_Your instructions:_ Exactly reproduce the lines from the one containing "Bedroom, Interior, Recessed" through the last line of the data, both ends included, leaving out pictures.

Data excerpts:
::::::::

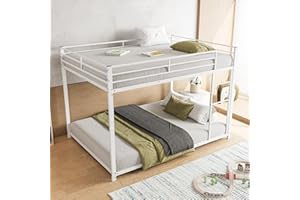 Azkoeesy Literas de Metal 140 x 200 cm, Cama Doble, Cama de Adulto, Cama de Invitados, con somier, Valla anticaídas, en Forma clásica (Blanco, 140 x 200 cm), WX00012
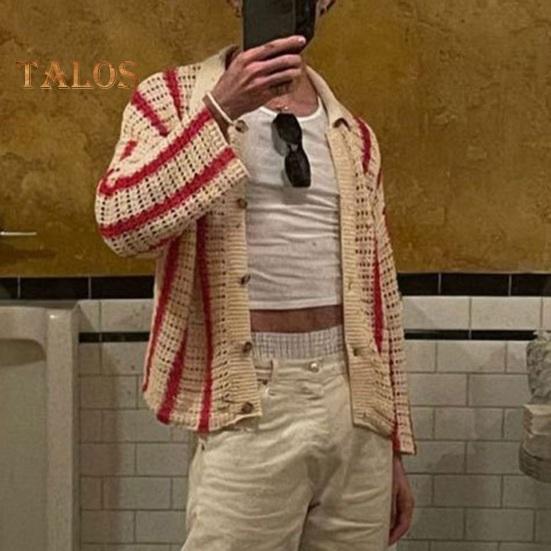 Podzim Jaro Muži Cardigan Košile Pletené Vyhloubený Límec Jednořadý Volné Dlouhé rukávy Barevně ladící Krájení Patchwork Kabát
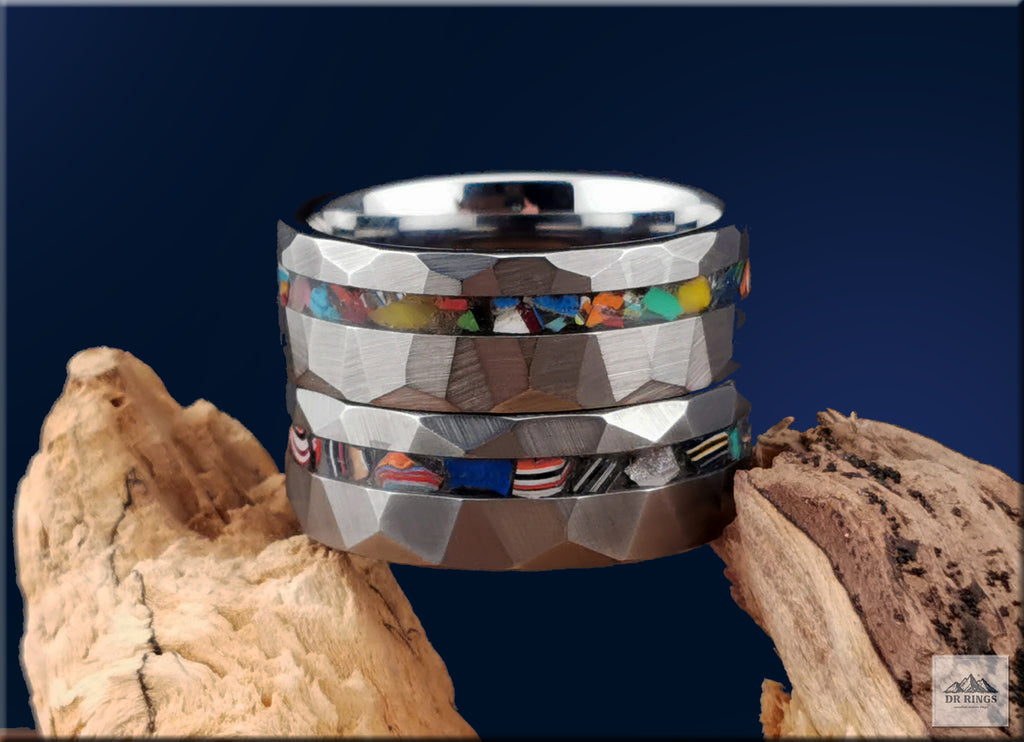 Hammered Tungsten Carbide Ring with Vintage Fordite or Surfite Inlay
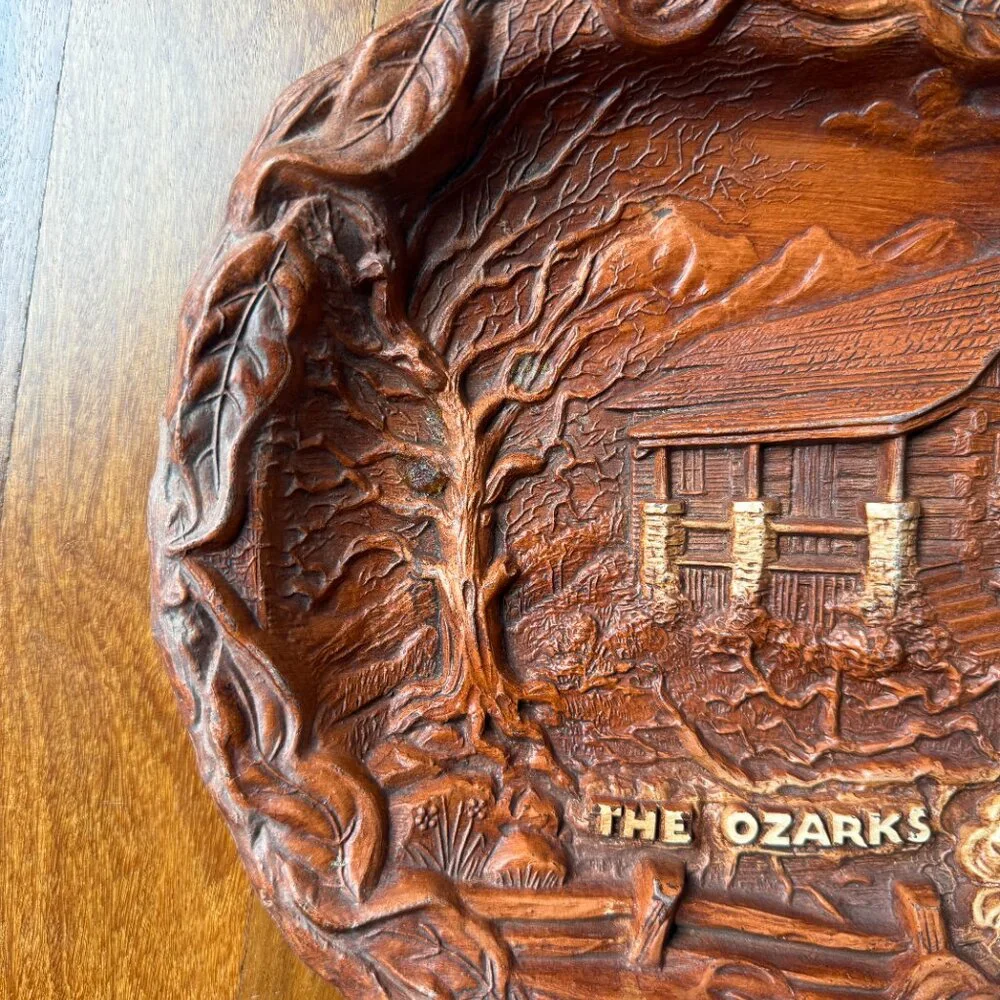 Vintage The Ozarks Region Souvenir Faux Wood Tray / Plate / Bowl by Lugene's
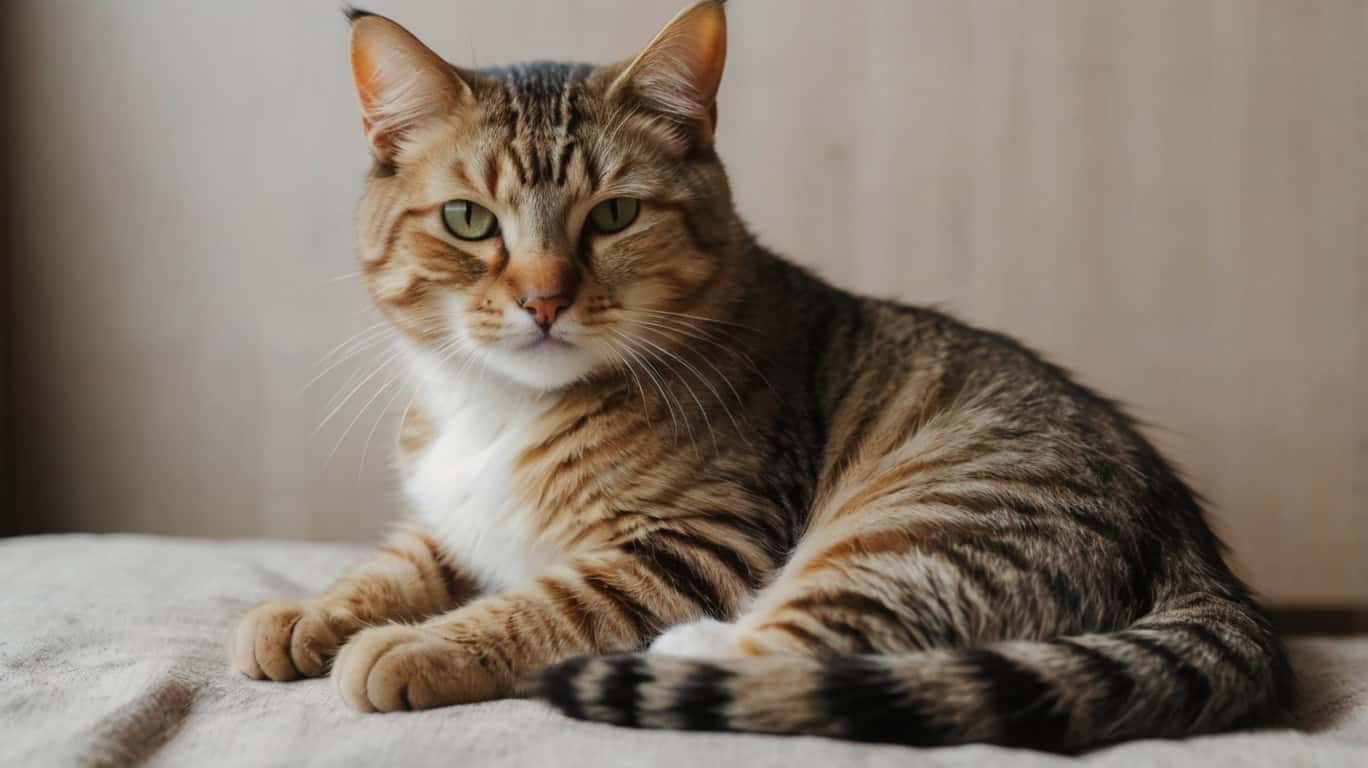 Счастливая беременная кошка на последних неделях беременности.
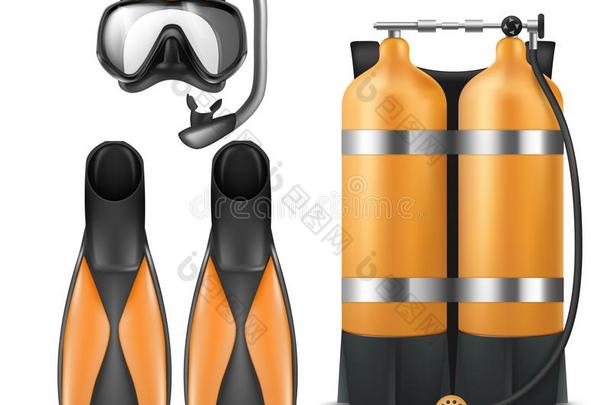 矢量潜水员设备,通气管面具和脚蹼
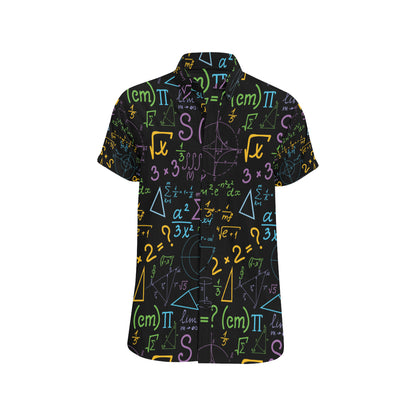 Math Pattern Print Design 03 Men's Short Sleeve Button Up Shirt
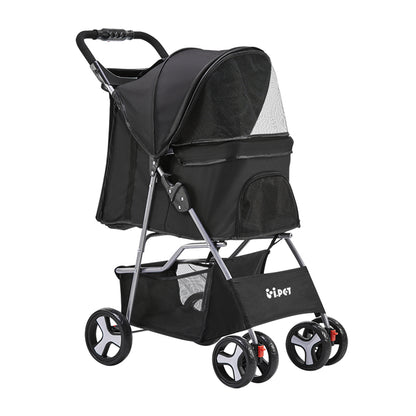 Pet 4 Wheel Pet Stroller - Black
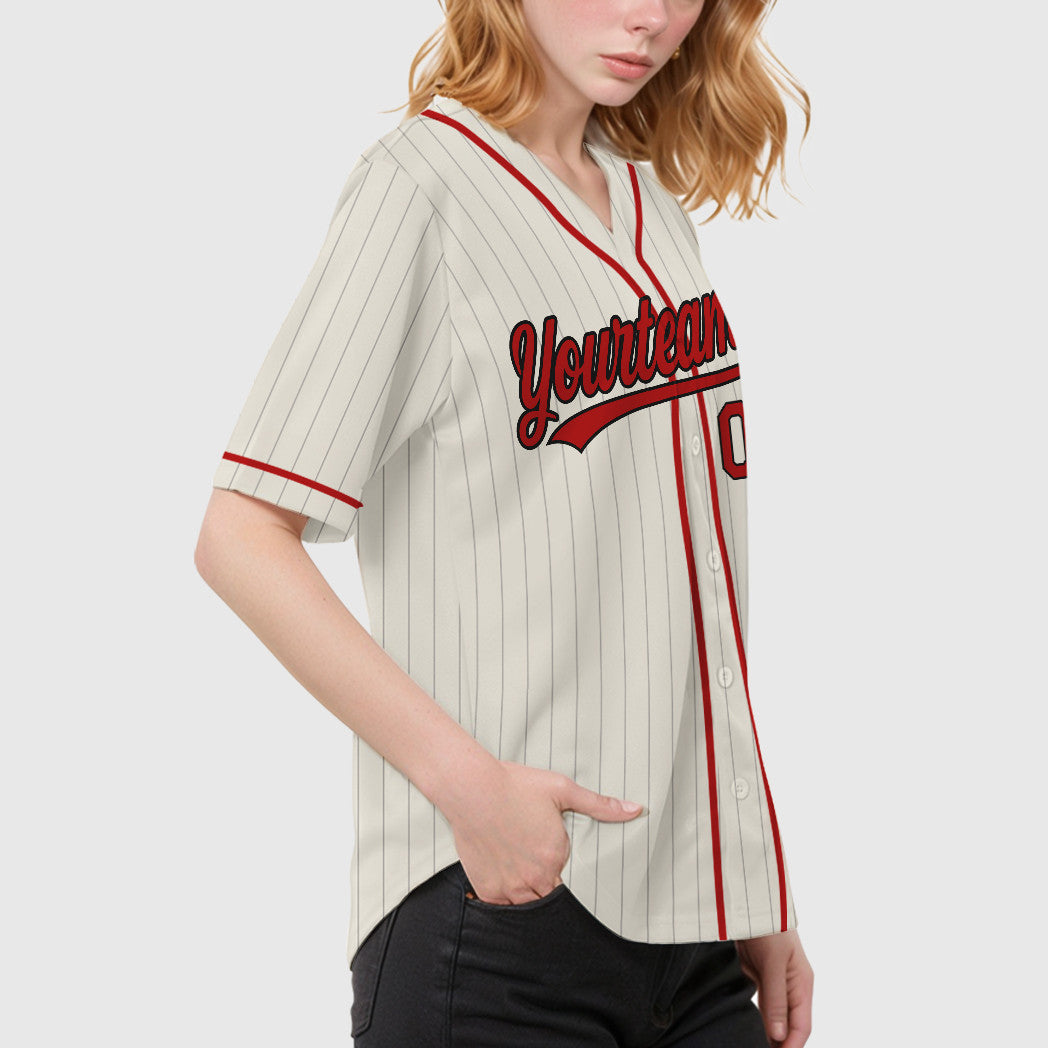 Custom Cream Black Red Piping Pinstripe Baseball Jersey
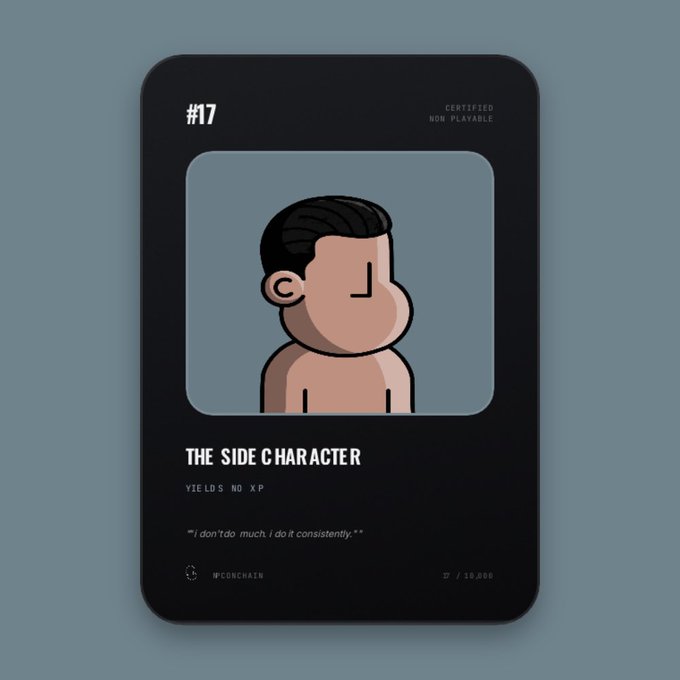 The image features a black square card with a cartoon character, possibly a boy or a man, facing forward against a blue background. The text "The Side Character" is written at the top of the card, while "NPCHAIN" is located below it. Below this, there are two lines of text: one stating that the character is a member of the @npchain community and another saying that they have just joined the community and started paying attention to it. The image also contains a number, which could be a code or a reference for something related to the post.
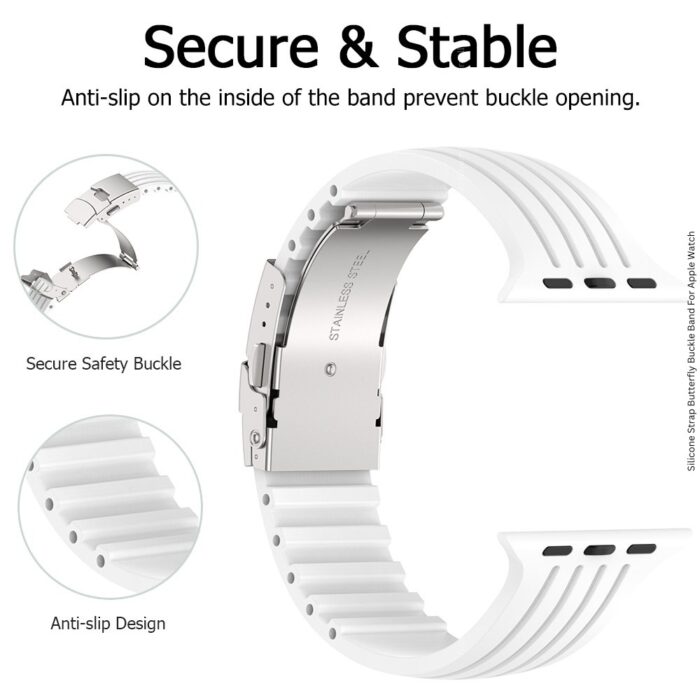 Silicone Strap Butterfly Buckle Band For Apple Watch 42 44 45 49mm - Image 3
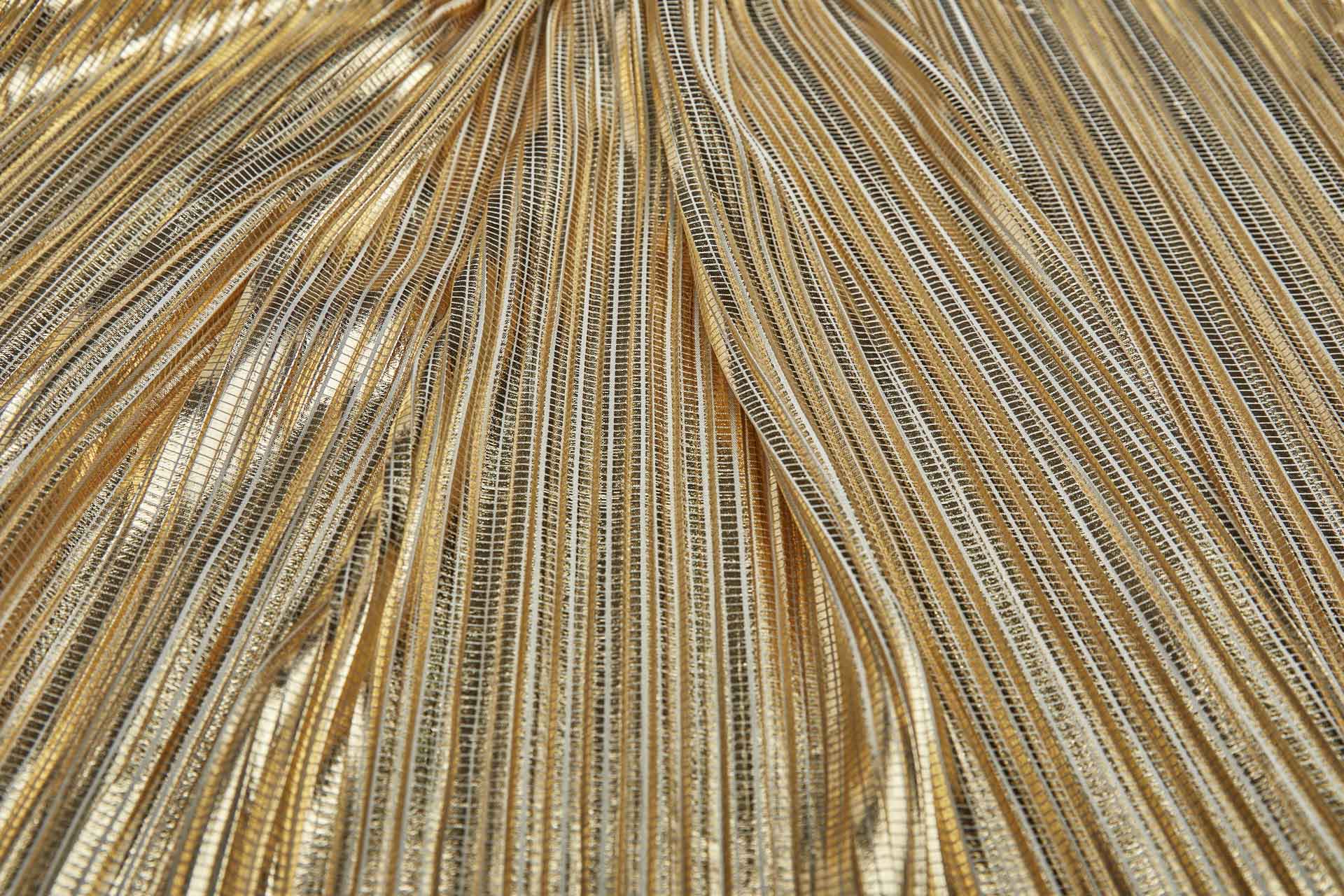 Pleated & Foiled Fluid Lamé - Gold fabric, image 3 of 7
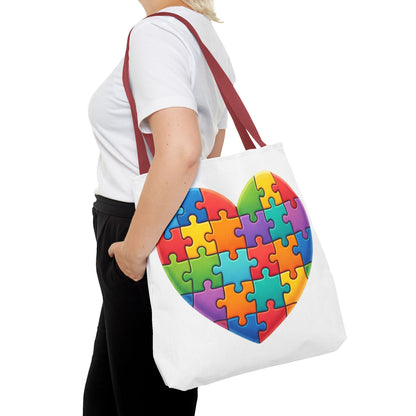 Autism Puzzle Heart Tote Bag - Colorful Awareness Canvas Tote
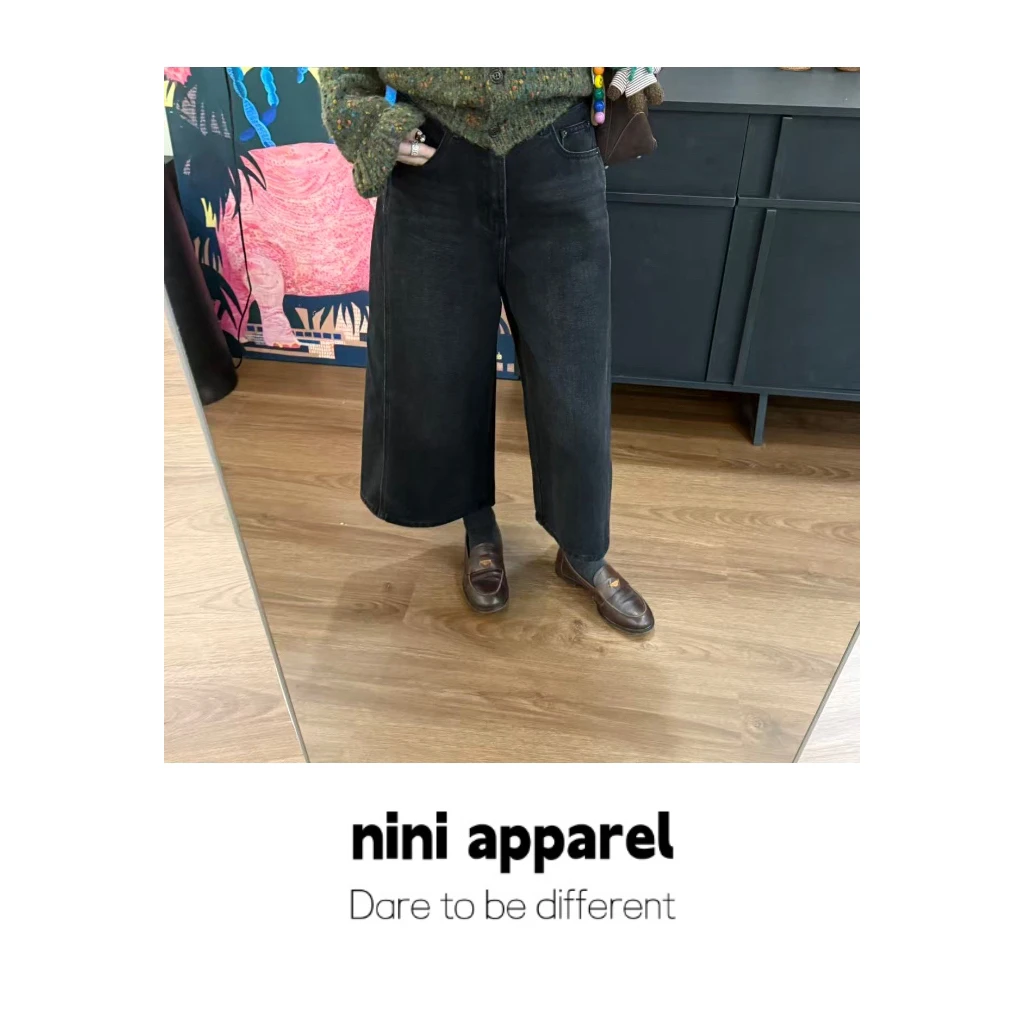 NiNi:超正A字版八分磨毛牛仔裤～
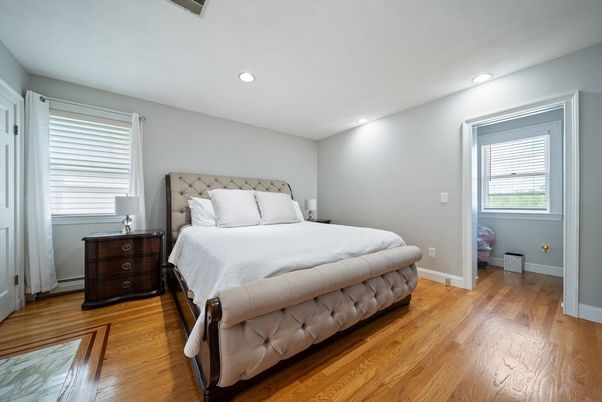 Bedroom, Interior, Recessed Lighting, Wood Texture Flooring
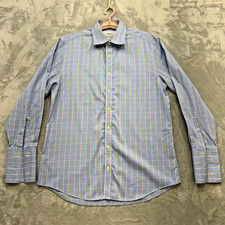 Charles Tyrwhitt Shirt Mens 16.5 33 Blue Check Slim Fit Non Iron French Cuff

::::::::

_Written answer:_
 Bedroom, Interior, Recessed Lighting, Wood Texture Flooring
 Charles Tyrwhitt Shirt Mens 16.5 33 Blue Check Slim Fit Non Iron French Cuff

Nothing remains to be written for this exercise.